It is sometimes useful to index an entity even if this entity is not
inserted or updated to the database. This is for example the case when you
want to build your index for the first time.
FullTextSession
.index()
allows you to do so.
Example 6.1. Indexing an entity via
FullTextSession.index()
FullTextSession fullTextSession = Search.getFullTextSession(session);
Transaction tx = fullTextSession.beginTransaction();
for (Customer customer : customers) {
fullTextSession.index(customer);
}
tx.commit(); //index are written at commit time
For maximum efficiency, Hibernate Search batches index operations
and executes them at commit time. If you expect to index a lot of data,
however, you need to be careful about memory consumption since all
documents are kept in a queue until the transaction commit. You can
potentially face an OutOfMemoryException
. To avoid
this exception, you can use
fullTextSession.flushToIndexes()
. Every time
fullTextSession.flushToIndexes()
is called (or if
the transaction is committed), the batch queue is processed (freeing
memory) applying all index changes.
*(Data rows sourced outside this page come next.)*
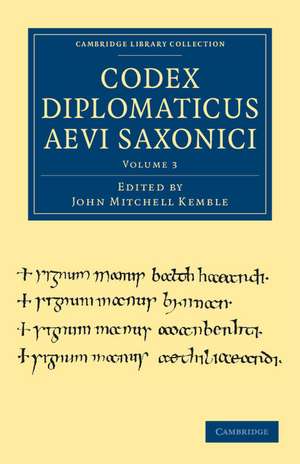 Codex Diplomaticus Aevi Saxonici de John Mitchell Kemble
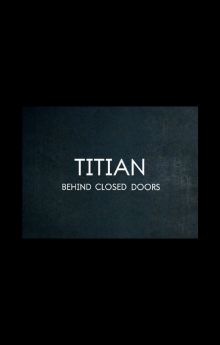 Titian – Behind Closed Doors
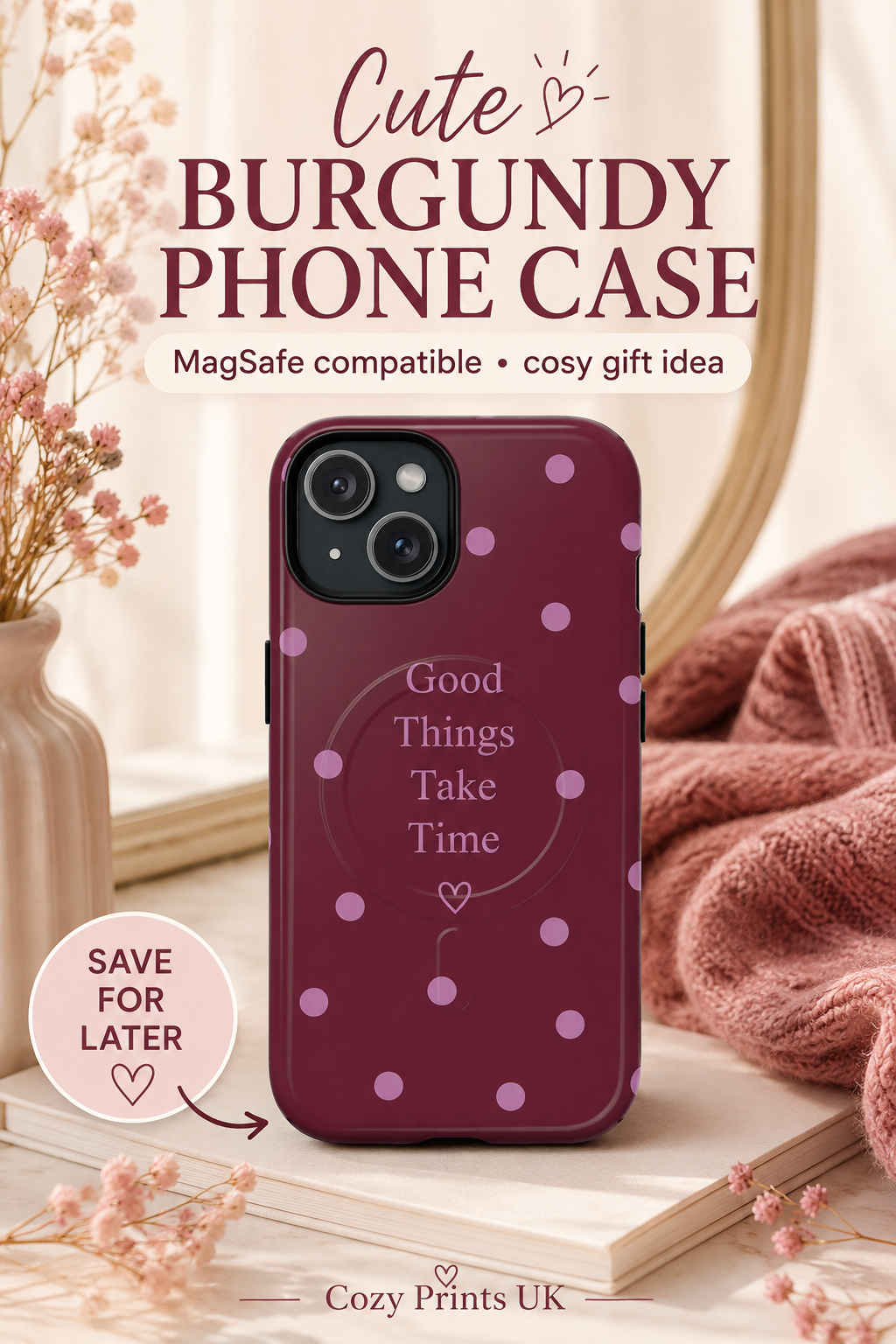 Good Things Take Time MagSafe Case – Burgundy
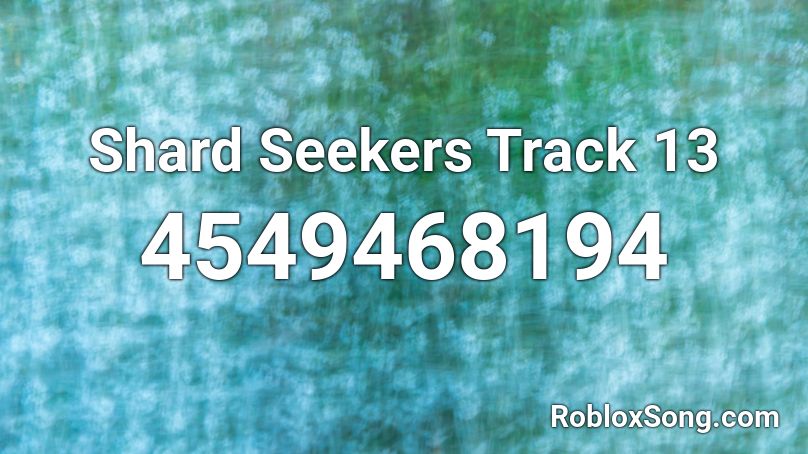 Shard Seekers Track 13 Roblox ID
Be aware that once flushed changes
cannot be rolled back.
hibernate.search.worker.batch_size
has been
deprecated in favor of this explicit API which provides better
control
Other parameters which also can affect indexing time and memory consumption are:
hibernate.search.[default|<indexname>].indexwriter.[batch|transaction].max_buffered_docs
hibernate.search.[default|<indexname>].indexwriter.[batch|transaction].max_field_length
hibernate.search.[default|<indexname>].indexwriter.[batch|transaction].max_merge_docs
hibernate.search.[default|<indexname>].indexwriter.[batch|transaction].merge_factor
hibernate.search.[default|<indexname>].indexwriter.[batch|transaction].ram_buffer_size
hibernate.search.[default|<indexname>].indexwriter.[batch|transaction].term_index_interval
These parameters are Lucene specific and Hibernate Search is just passing these parameters through - see Section 3.8, “Tuning Lucene indexing performance” for more details.
Example 6.2. Efficiently indexing a given class (useful for index (re)initialization)
fullTextSession.setFlushMode(FlushMode.MANUAL); fullTextSession.setCacheMode(CacheMode.IGNORE); transaction = fullTextSession.beginTransaction(); //Scrollable results will avoid loading too many objects in memory ScrollableResults results = fullTextSession.createCriteria( Email.class ) .setFetchSize(BATCH_SIZE) .scroll( ScrollMode.FORWARD_ONLY ); int index = 0; while( results.next() ) { index++; fullTextSession.index( results.get(0) ); //index each element if (index % BATCH_SIZE == 0) { fullTextSession.flushToIndexes(); //apply changes to indexes fullTextSession.clear(); //clear since the queue is processed } } transaction.commit();
Try to use a batch size that guarantees that your application will not run out of memory.